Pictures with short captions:
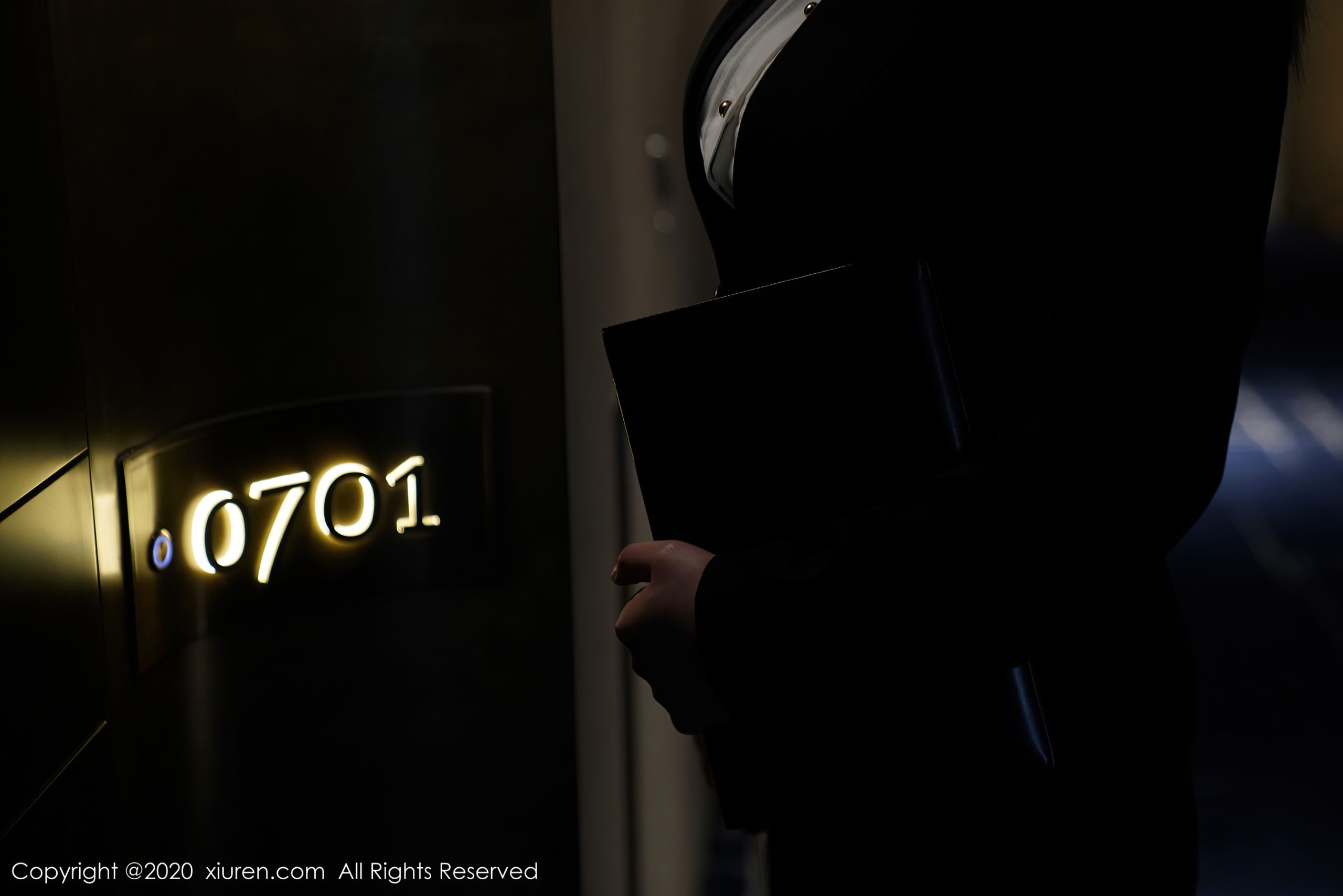 Xiuren số2901: Tiên thích bài hát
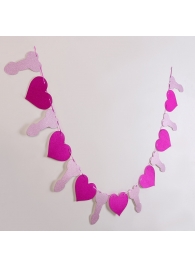 Гирлянда «Любовь» - 3 м. - Сима-Ленд - купить с доставкой в Туле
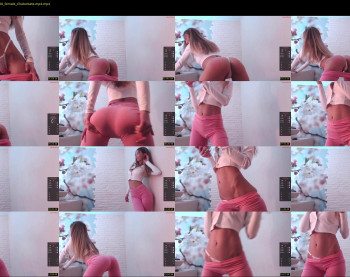 mazzanti_ — 19 minute Chaturbate female cam show recording, 720p, Apr 6, 2024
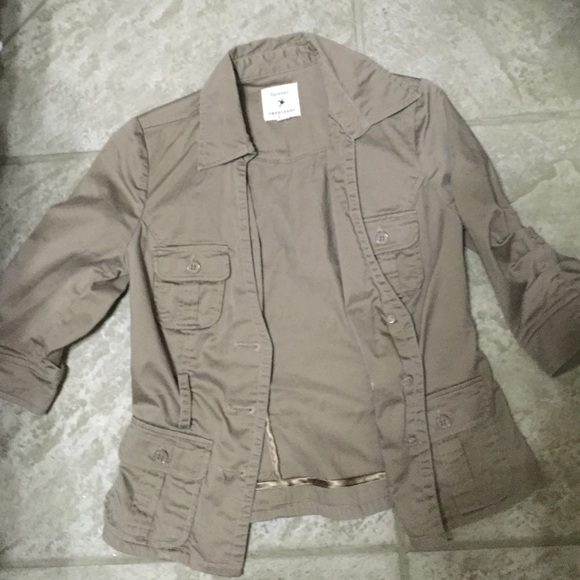 Awesome flattering jacket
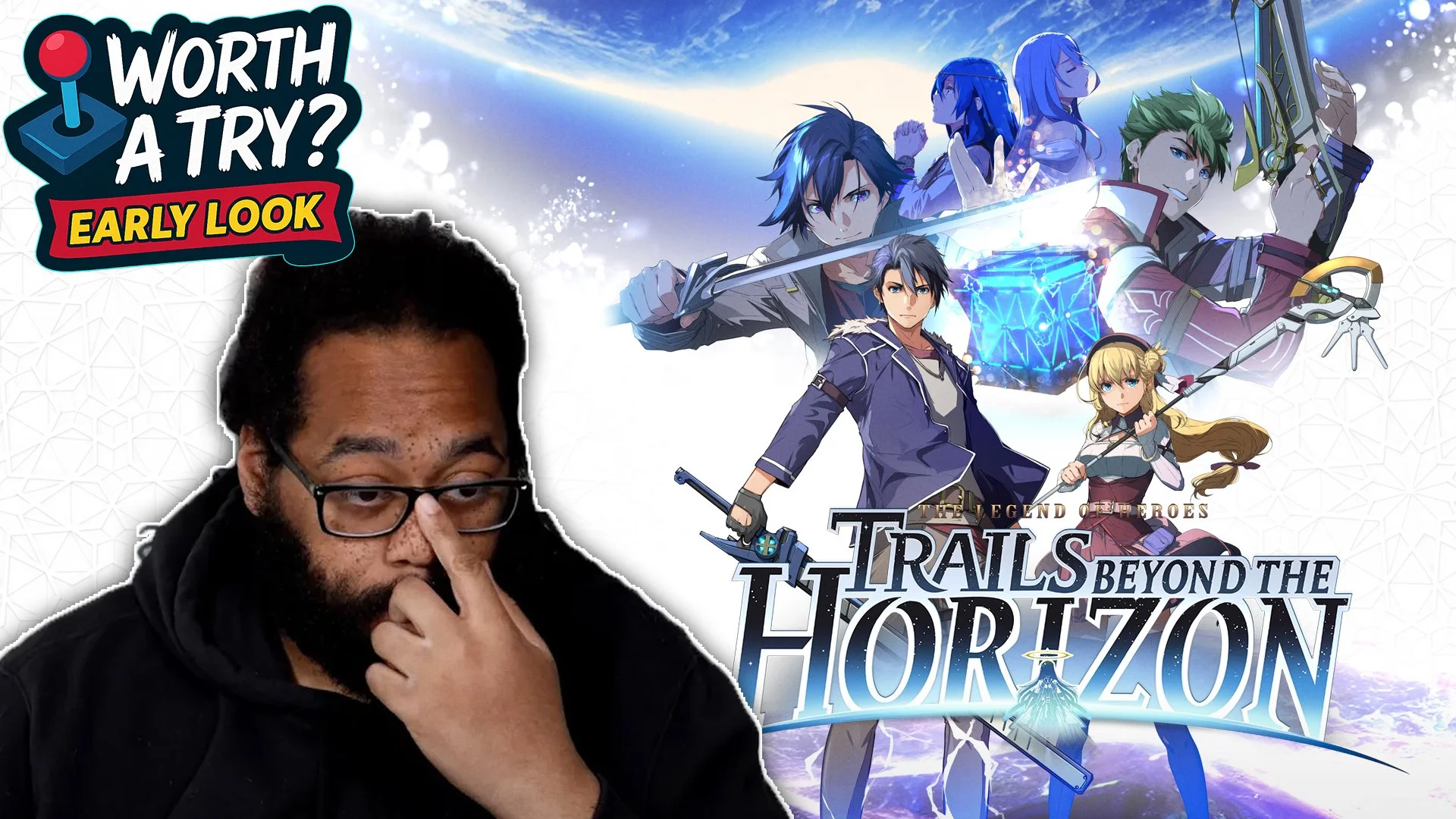 Trails Beyond the Horizon: Early Impressions From a New Player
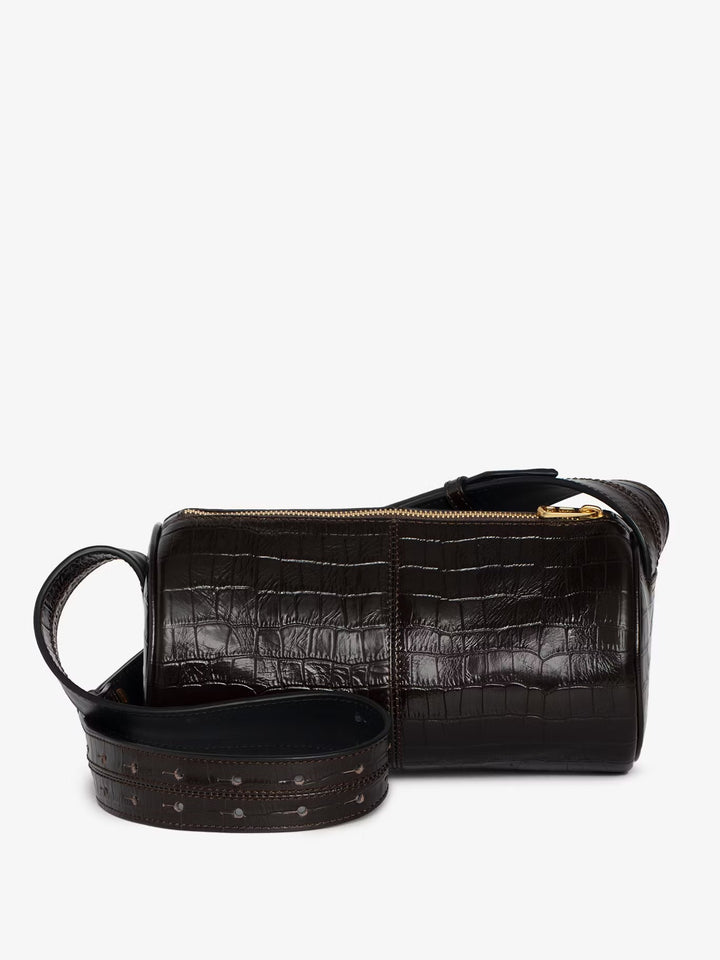 Cartera Le Dou Dou Croco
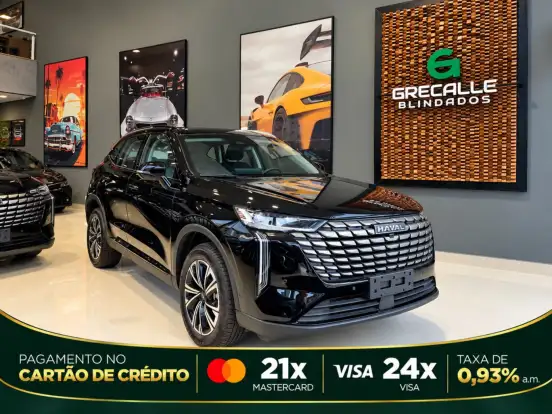 GWM-HAVAL H6-1.5 FLEX PHEV19 E-TRACTION GWM-HAVAL H6-2026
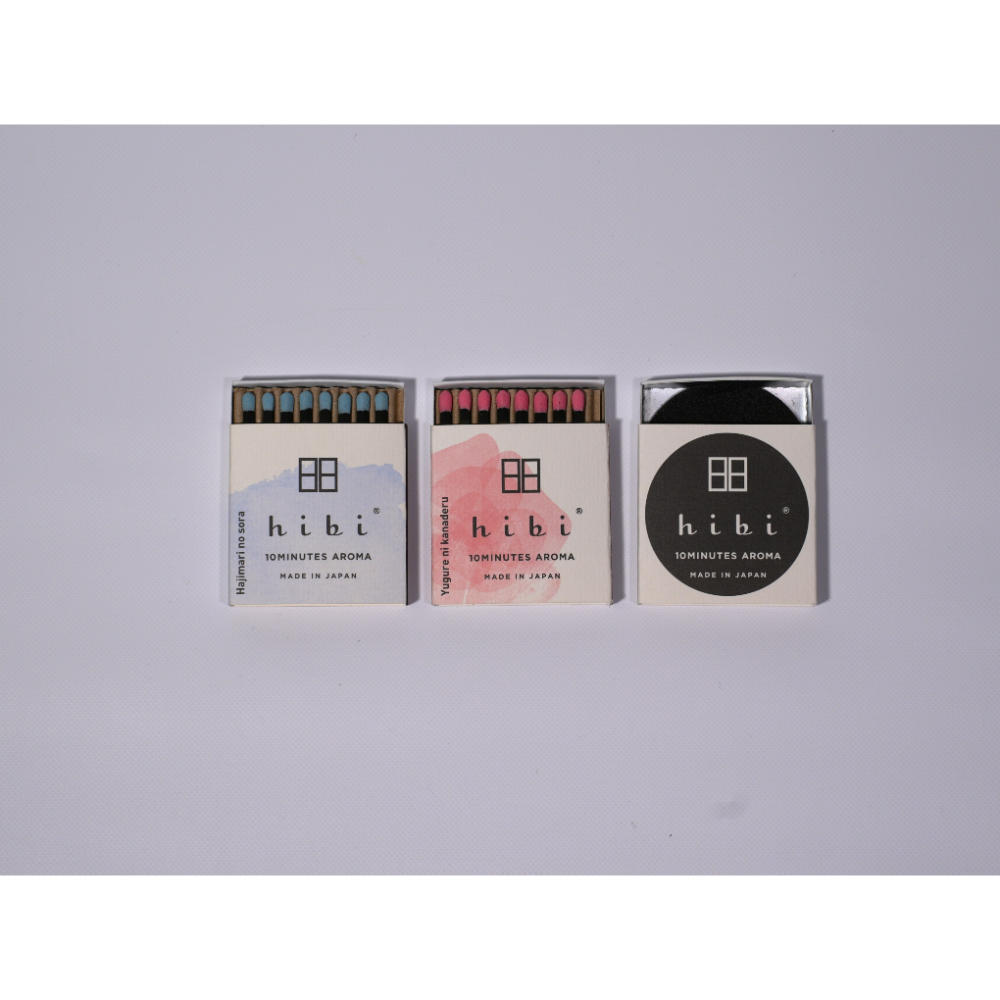 【蔦屋書店感謝祭_202602】 hibi 10 MINUTES NOVEL PROJECT 2種セット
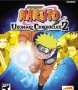 Capa de Naruto Uzumaki Chronicles 2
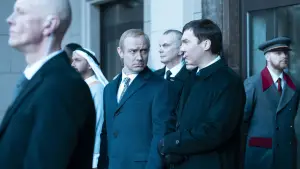 Backdrop to the movie "The Wizard of the Kremlin" #531917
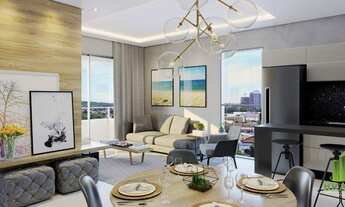 Imagem 4: Apartamento à venda, 72 m² por R$ 335.072,68 - Pagani - Palhoça/SC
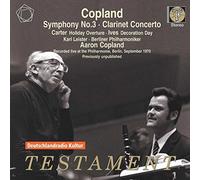 Copland,a. - Aaron Copland Dirigiert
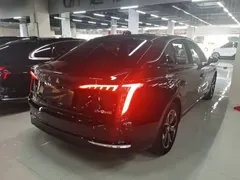 2023 Hongqi E-QM5 EV Basic, чёрный — фото 7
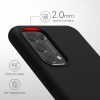 Husa Oppo Find X3 Lite, Silicon, Negru, 55201.01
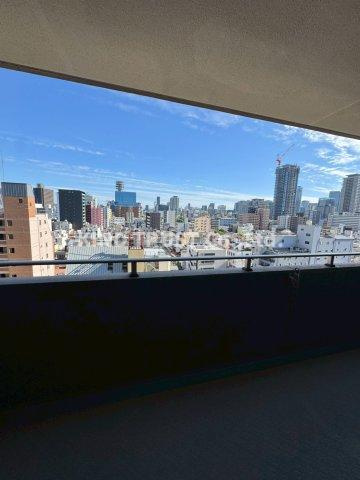 ライオンズマンション天神橋筋六丁目の展望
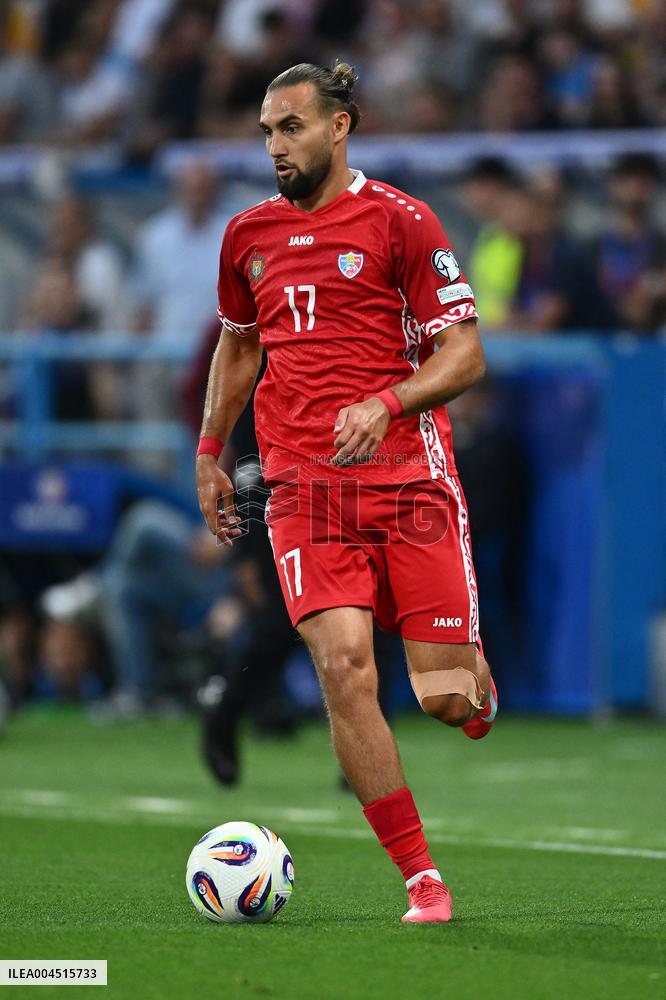 CALCIO - FIFA Mondiali - Italy vs Moldova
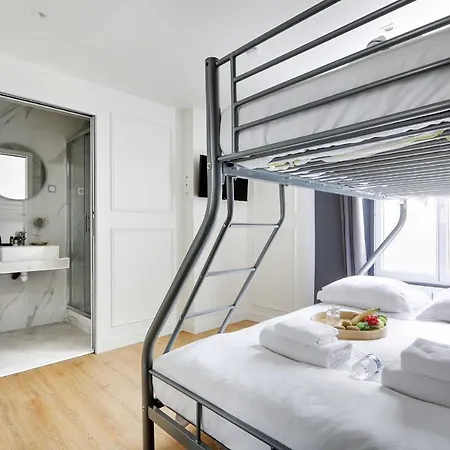 Residence Boulanger - Republique Paris Exterior photo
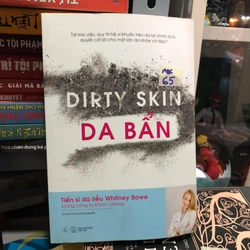 Da bẩn Dirty skin - Tiến sĩ da liễu Whitney Bowe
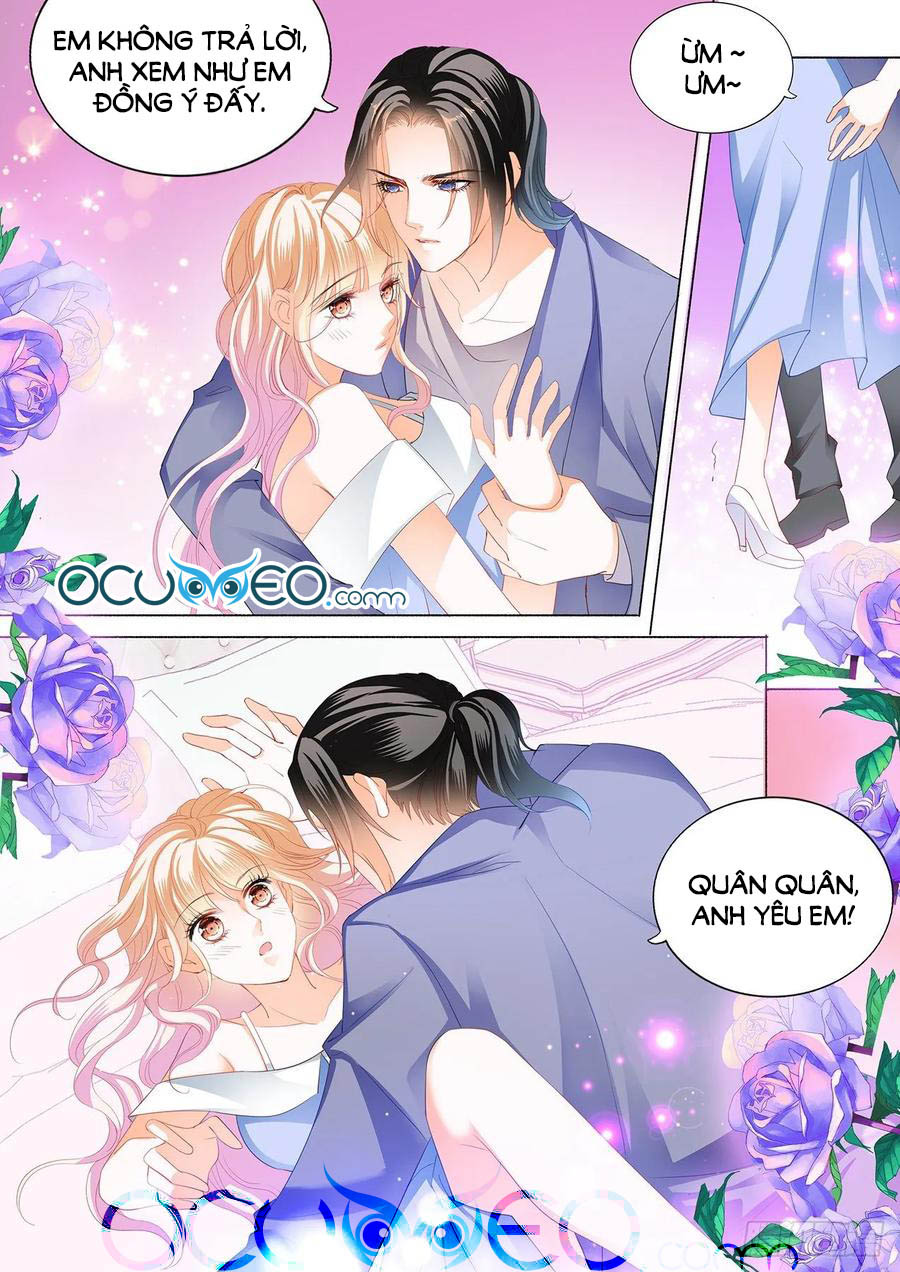 bá đạo tiểu thúc, xin trêu chọc vừa thôi! chapter 160 4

▶ [Requirement]
Pictures are to be omitted. The lines from the line holding "Backdrop to the" through the closing line of the data above are to be set down exactly, and nothing more.

▶ [Task solution]
 Backdrop to the movie "The Wizard of the Kremlin" #531917
 Imagem 4: Apartamento à venda, 72 m² por R$ 335.072,68 - Pagani - Palhoça/SC
 Copland,a. - Aaron Copland Dirigiert
 2023 Hongqi E-QM5 EV Basic, чёрный — фото 7
 Husa Oppo Find X3 Lite, Silicon, Negru, 55201.01
 ライオンズマンション天神橋筋六丁目の展望
 CALCIO - FIFA Mondiali - Italy vs Moldova
 Residence Boulanger - Republique Paris Exterior photo
 Da bẩn Dirty skin - Tiến sĩ da liễu Whitney Bowe
 bá đạo tiểu thúc, xin trêu chọc vừa thôi! chapter 160 4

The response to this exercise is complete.